Hater est la sensation pop de la rentrée. Déjà dans le radar des plus attentifs depuis la sortie de leur premier album l’année dernière, ils confirment avec Siesta tout le bien que l’on pensait d’eux. Si leurs premiers titres ont été caractérisés un peu trop facilement de « dream pop », Siesta emprunte une voix qui ravira les fans d’indie pop 80’s. Fanfare a rencontré le groupe au grand complet à l’occasion de leur récent concert parisien. D’un premier abord timide, les membres d’Hater se révèlent être un gang de véritables passionnés, animés par une envie d’écrire des pop songs parfaites, sans aucun plan de carrière. Ils reviennent pour nous sur leur rapide ascension.
Cela faisait longtemps qu’un groupe scandinave dans une tradition purement pop n’avait autant fait parler de lui. Vous sentez-vous un peu isolé sur le territoire suédois ?
Lukas : Il y a d’autres groupes pop, mais ils sont moins exposés que nous. Wy, par exemple vient comme nous de Malmö.
Måns : La scène pop me donne l’impression d’être plutôt développée. On ne se sent pas isolés.
Lukas : Nous avons de la chance, nous sommes le pire groupe de pop du pays, mais nous avons une excellente maison de disque pour nous soutenir (rire).
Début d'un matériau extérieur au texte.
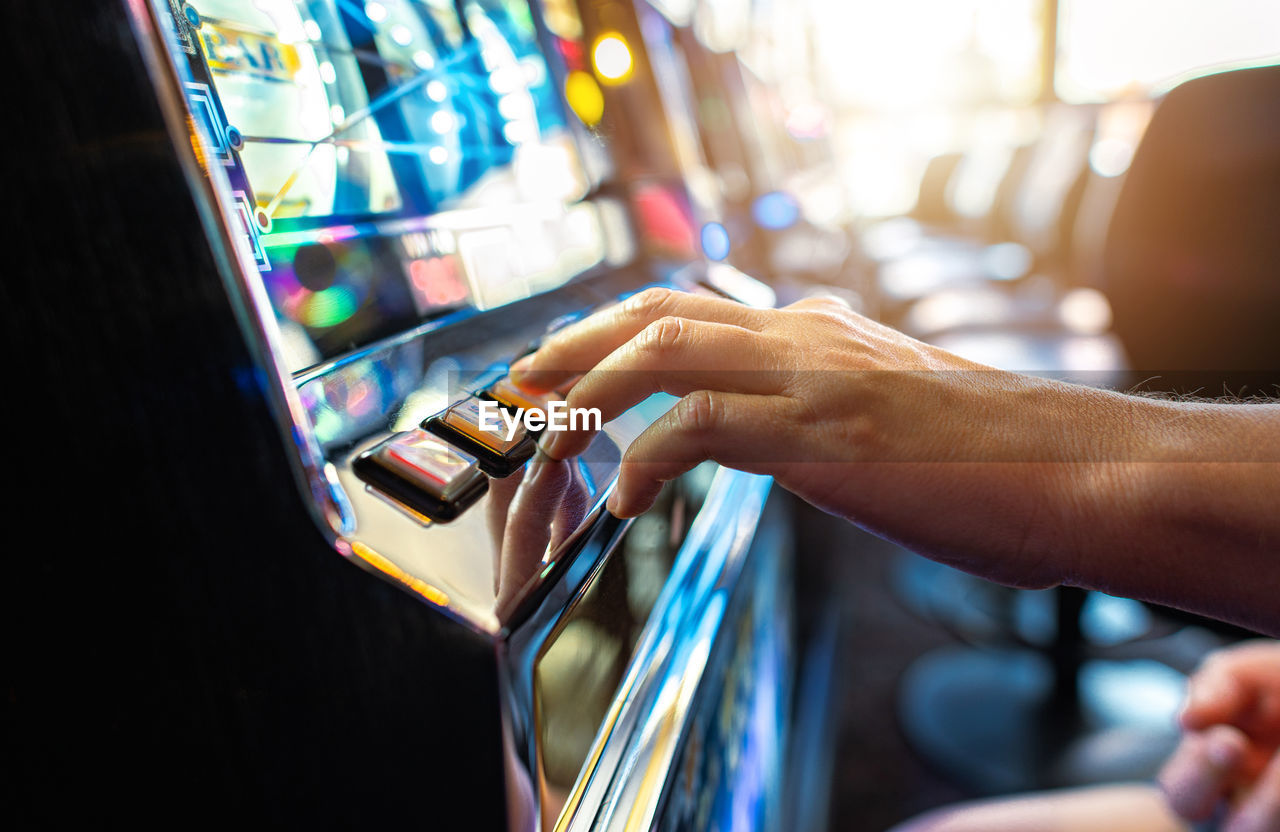 Woman playing classic slot machine inside las vegas casino. one handed bandit game play.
Vous avez le mérite de sortir du lot !
Adam : C’est peut-être parce qu’on ne se met pas la pression. Notre ambition est uniquement d’écrire des chansons qui tiennent la route.
Lukas : Nous devons beaucoup aux mélodies vocales de Caroline. C’est ce qui nous apporte ce petit plus.
Måns : On passe notre temps ensemble. Tout va très vite avec nous. On se connaît tellement que si quelqu’un bloque lors du processus créatif, il y a toujours un membre du groupe pour l’aider. Cette solidarité n’est pas à négliger dans le succès de Hater.

A l’heure où la nouvelle génération ne jure plus que par le hip-hop et le r’n’b, avez-vous l’impression de faire figure de résistants ?
Lukas : Je fais partie de cette nouvelle génération qui écoute beaucoup de hip-hop.
Måns : J’écoute également du r’n’b. Il est moins commun aujourd’hui de faire partie d’un groupe. Beaucoup de gens enregistrent en solo, à la maison.
Lukas : Nous sommes un groupe organique. On compose ensemble. Donne nous cinq années et peut-être qu’on sera devenu un groupe de hip-hop (rire).
De quels groupes actuels vous sentez-vous proches et pourquoi ?
Lukas : Je reconnais une approche rythmique similaire chez Beach Fossils. C’est un groupe que j’aime beaucoup. J’adore leur dernier album. Il me relaxe. J’aime que, malgré des sonorités qui peuvent rappeler des groupes cultes, notre son soit vraiment personnel. C’est étrange d’être arrivé à ce résultat.
Måns : Aucun de nous n’a le même groupe préféré. Ça ajoute à la singularité de notre son.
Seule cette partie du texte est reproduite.